— DATASET EXCERPT —

━━━━━━━━

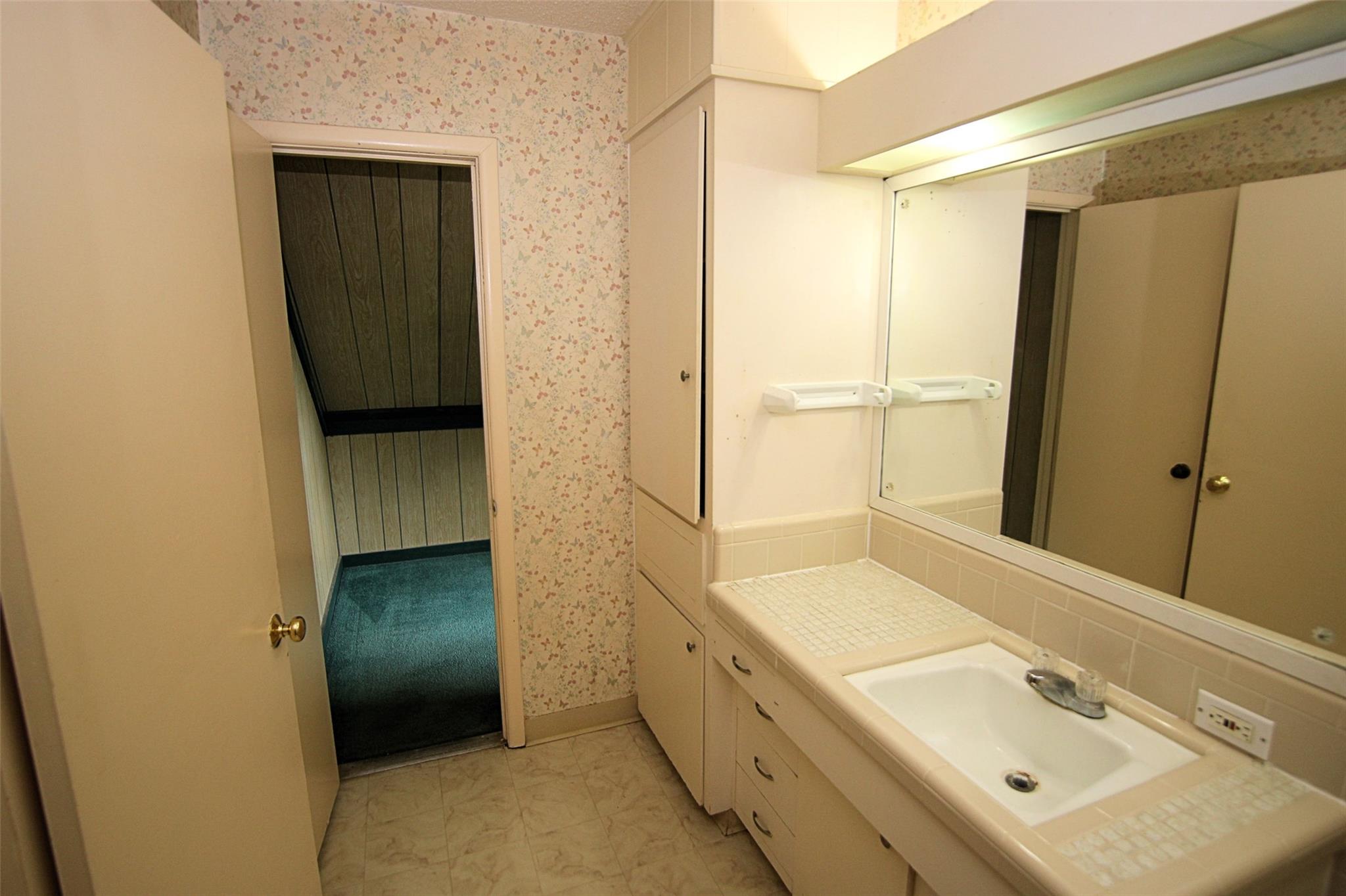 11619 Intrigue Dr, San Antonio, TX 78216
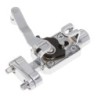 STO9 - Tenticordiera per rullante Deluxe 26mm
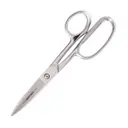 Klein Tools, Inc. 718LR-P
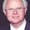 Photo of Donald F.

━━━━━━━━

— WORK INSTRUCTIONS —
Exclude the pictures, and transcribe all of the material exactly.

— EXERCISE SOLUTION —
 11619 Intrigue Dr, San Antonio, TX 78216
 STO9 - Tenticordiera per rullante Deluxe 26mm
 Klein Tools, Inc. 718LR-P
 Photo of Donald F.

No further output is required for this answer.